Docker: docker run -it -p 8090:8080 gunnaraccso/keycloak.server:7.0.0 Postgres:12.1 with user and database camunda

Keycloak:

• Login as keycloak
• Switch to Manage -> Users
• Choose camunda
• Switch to Credentials
• Set new password and switch of temp property
• Save password

[VonDerBeck]

Hi @FlowsenAusMonotown,

I have just created a simple Maven project consisting of the artifacts you mentionend above - and nothing more. And of course you can't login with that...

Please study carefully the dependencies in your pom.xml. You have added Spring Security and Spring Security OAuth2. Which means you have secured your overal application with OAuth2. Unless you haven't configured it otherwise in your WebSecurity configuration, you will get the login mask from Spring itself at any URL you type. This will never work in the configuration above.

What you should see instead as login at localhost:8080/camunda is: And with that you can of course login successfully. You can achieve this in your above example by just commenting out the 2 spring-security artifacts in your pom.xml. This will show you, that the Keycloak Identity Provider itself is working perfectly.

In case you want your Application to use SSO and Spring Security OAuth2 - meaning that your login will be redirected to Keycloak - please study the "Activating Single Sign On "section in the README. You'll need a lot more stuff.
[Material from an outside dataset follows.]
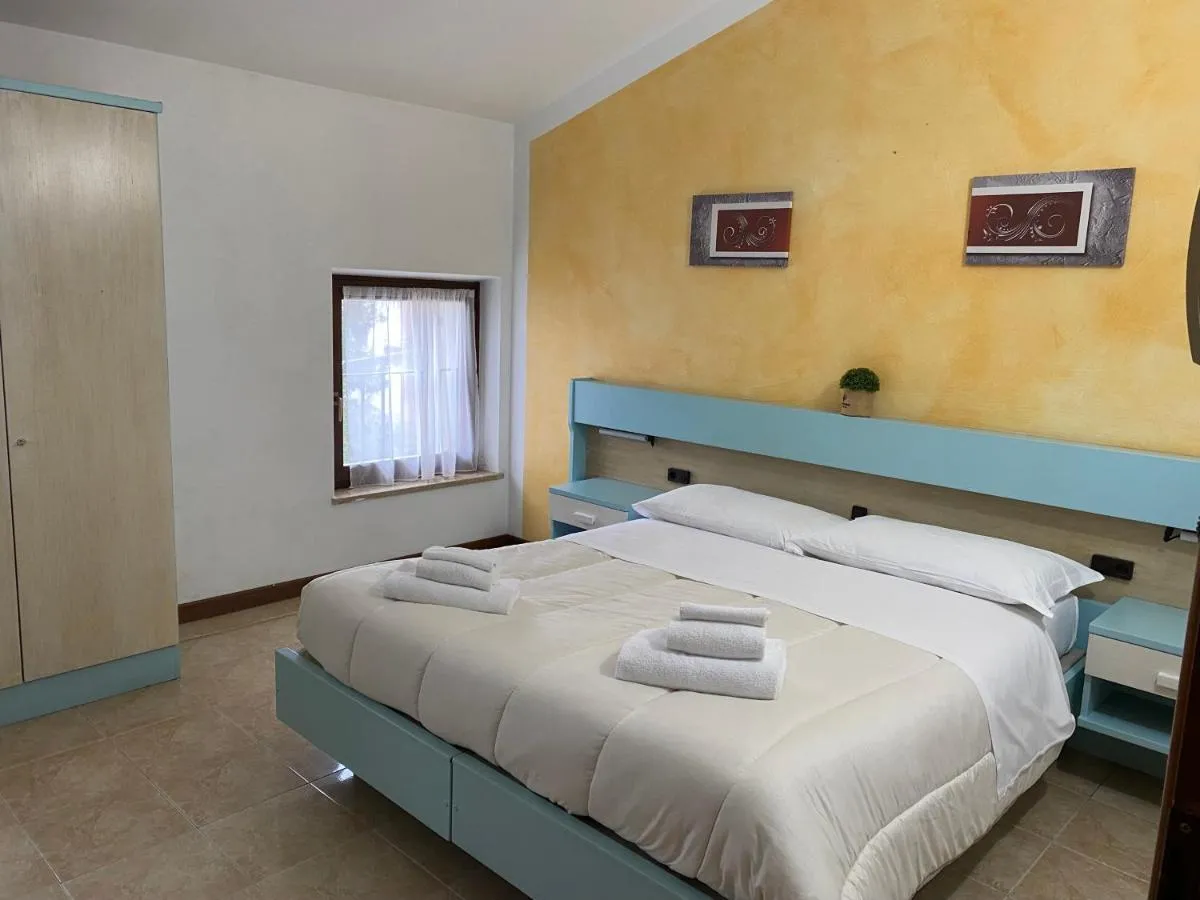 Image 5 of Alloggio La Pesa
A complete example can be found at https://github.com/camunda/camunda-bpm-identity-keycloak/tree/master/examples/sso-kubernetes In case you want to leave Camunda Cockpit as is and keep using the Camunda login, you'll have to configure your WebSecurity accordingly and allow all requests to /camunda/app/*

The difference between both 2 scenarios (without SSO and with SSO) is described in https://blog.camunda.com/post/2019/08/keycloak-identity-provider-extension/

Hope this helps?

Gunnar

[FlowsenAusMonotown]

@VonDerBeck Thx a lot. Now it is working perfect.